A 7805 drawing 750mA from a 14V supply will dissipate (14 - 5) * 0.75 = 6.75W. Of course it will get hot. You need a major heat sink for that. The T0220 case can only dissipate about 1W without a heat sink.
yeah. just 750mA seemed like not a lot of power, and the things are rated for 1.5A, ...
the first one I tried using was a straight clay heatsink, but as it got a little bigger I noticed that it didn't get hot uniformly (some parts got hot, others were still cool, and generally was a pretty big mass of clay).
with the metal-dust and clay heatsink, the heatsink seems to at least get hot all over, and presumably cools better (at least, it is a bit more effective with a lot less material, but still not effective enough to work without a fan).
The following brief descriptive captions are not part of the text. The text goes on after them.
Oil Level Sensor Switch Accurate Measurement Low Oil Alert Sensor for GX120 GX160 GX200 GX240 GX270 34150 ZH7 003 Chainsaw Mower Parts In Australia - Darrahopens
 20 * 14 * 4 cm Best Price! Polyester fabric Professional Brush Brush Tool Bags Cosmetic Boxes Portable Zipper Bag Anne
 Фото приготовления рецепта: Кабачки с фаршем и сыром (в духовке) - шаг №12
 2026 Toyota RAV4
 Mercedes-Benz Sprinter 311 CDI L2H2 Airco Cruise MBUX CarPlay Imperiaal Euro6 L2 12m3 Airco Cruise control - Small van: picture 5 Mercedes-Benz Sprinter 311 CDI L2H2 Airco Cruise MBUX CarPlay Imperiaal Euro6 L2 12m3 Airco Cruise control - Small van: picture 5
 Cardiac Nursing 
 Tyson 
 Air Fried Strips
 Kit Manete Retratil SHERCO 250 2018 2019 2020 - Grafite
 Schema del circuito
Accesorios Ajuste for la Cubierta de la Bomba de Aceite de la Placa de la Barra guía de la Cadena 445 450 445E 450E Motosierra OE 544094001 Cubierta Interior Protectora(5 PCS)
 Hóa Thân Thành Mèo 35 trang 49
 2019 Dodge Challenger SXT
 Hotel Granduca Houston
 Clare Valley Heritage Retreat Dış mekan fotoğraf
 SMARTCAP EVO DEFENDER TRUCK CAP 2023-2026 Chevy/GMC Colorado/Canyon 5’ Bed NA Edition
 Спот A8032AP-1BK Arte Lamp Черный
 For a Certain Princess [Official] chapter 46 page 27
have noted that it seems to not get as hot when running off of a 9v back up battery (currently consisting of 6 alkaline AAs wired in series), but this was mostly intended to deal with momentary disruptions to the 12-14v source (I am using a lead-acid battery as the main battery, but power may be momentarily disrupted depending on motor activities, and the 470uF caps I have available don't seem to be sufficient to deal with this on their own, as brief losses to 5v power are enough to cause the RPi to crash or reboot).
note that input diodes are used, so that the 12v and 9v inputs are isolated.
The alternative is a DC to DC converter, which will save power and not get hot.
Bob
I had looked, most options here seemed to be either building my own, or buying something in PCB form. couldn't really seem to find anything quite as convenient as the 7805, but I may not have looked enough.